Data under study =>
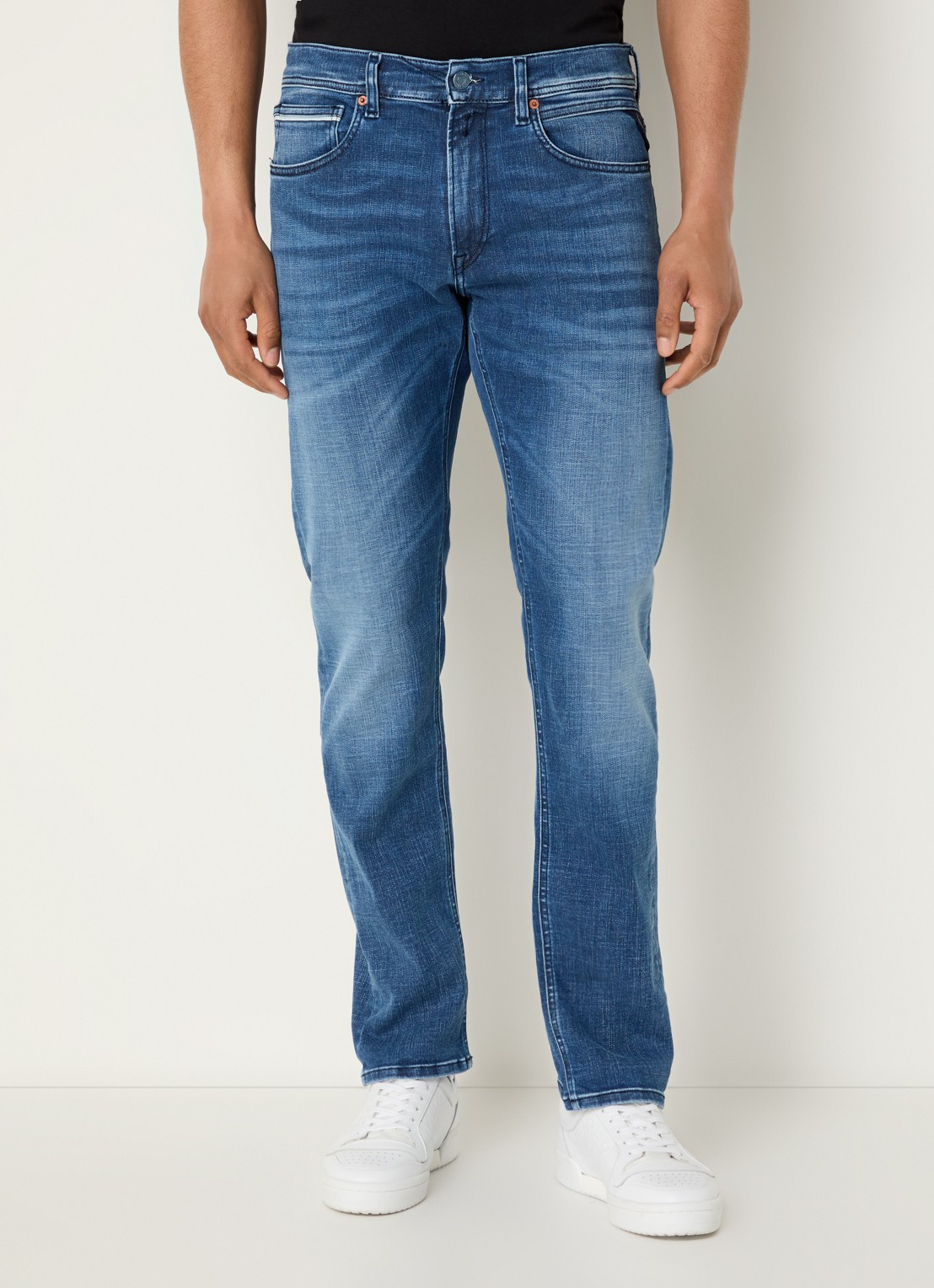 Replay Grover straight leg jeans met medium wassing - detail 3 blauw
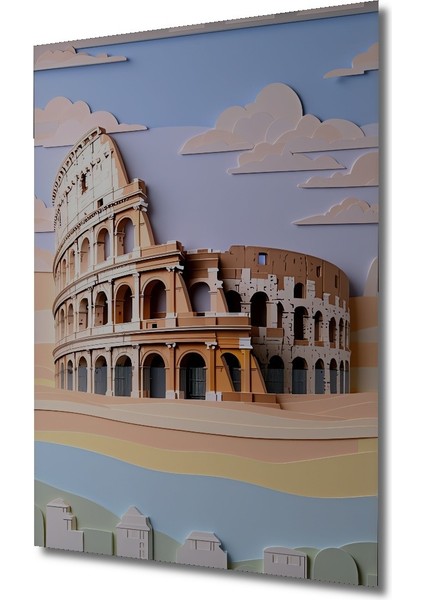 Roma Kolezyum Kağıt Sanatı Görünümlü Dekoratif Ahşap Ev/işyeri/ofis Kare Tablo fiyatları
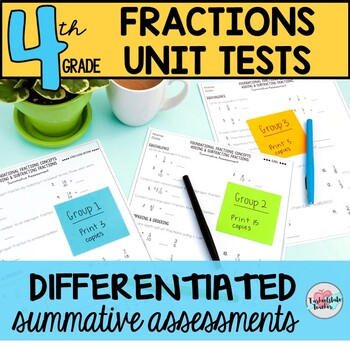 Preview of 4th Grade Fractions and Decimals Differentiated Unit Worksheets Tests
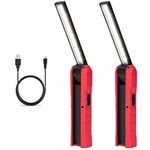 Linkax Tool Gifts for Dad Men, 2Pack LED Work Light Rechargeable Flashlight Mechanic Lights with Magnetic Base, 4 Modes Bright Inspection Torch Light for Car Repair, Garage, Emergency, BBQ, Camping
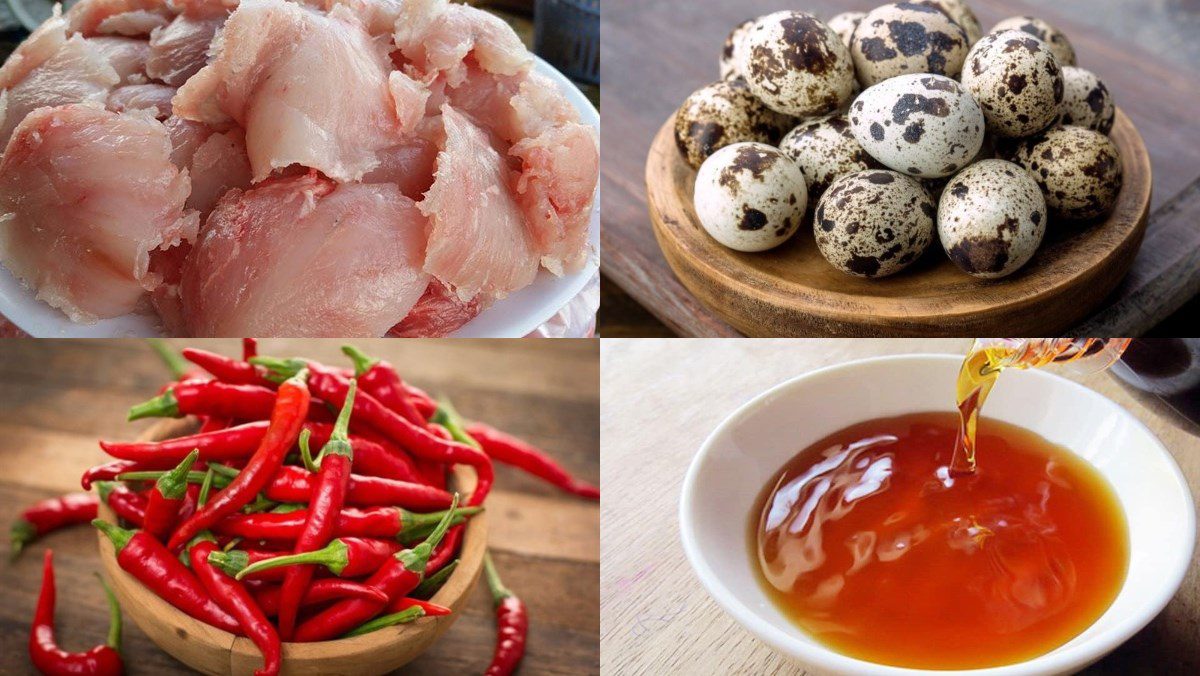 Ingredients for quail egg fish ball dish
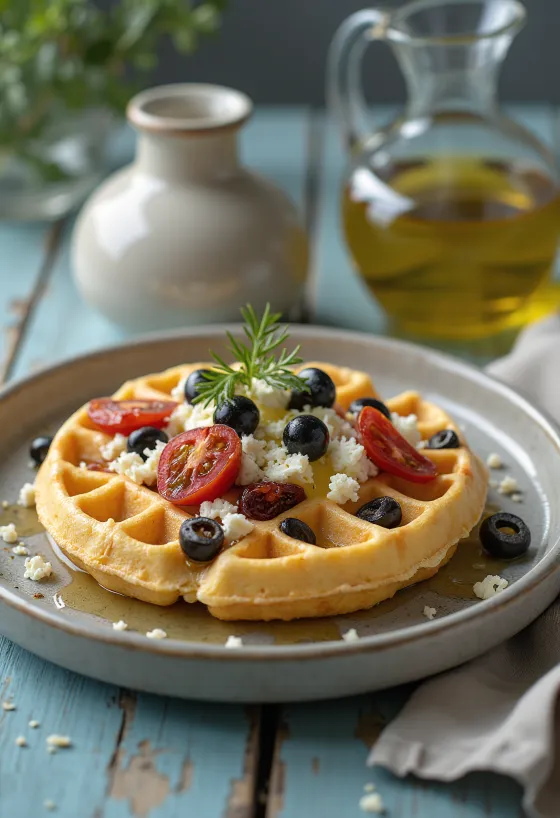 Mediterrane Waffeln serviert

Exercise prompt =>
What you return should be the exact lines from the one containing "Linkax Tool Gifts" through the end of the listing above, both included, minus any pictures.

Problem solution =>
 Linkax Tool Gifts for Dad Men, 2Pack LED Work Light Rechargeable Flashlight Mechanic Lights with Magnetic Base, 4 Modes Bright Inspection Torch Light for Car Repair, Garage, Emergency, BBQ, Camping
 Ingredients for quail egg fish ball dish
 Mediterrane Waffeln serviert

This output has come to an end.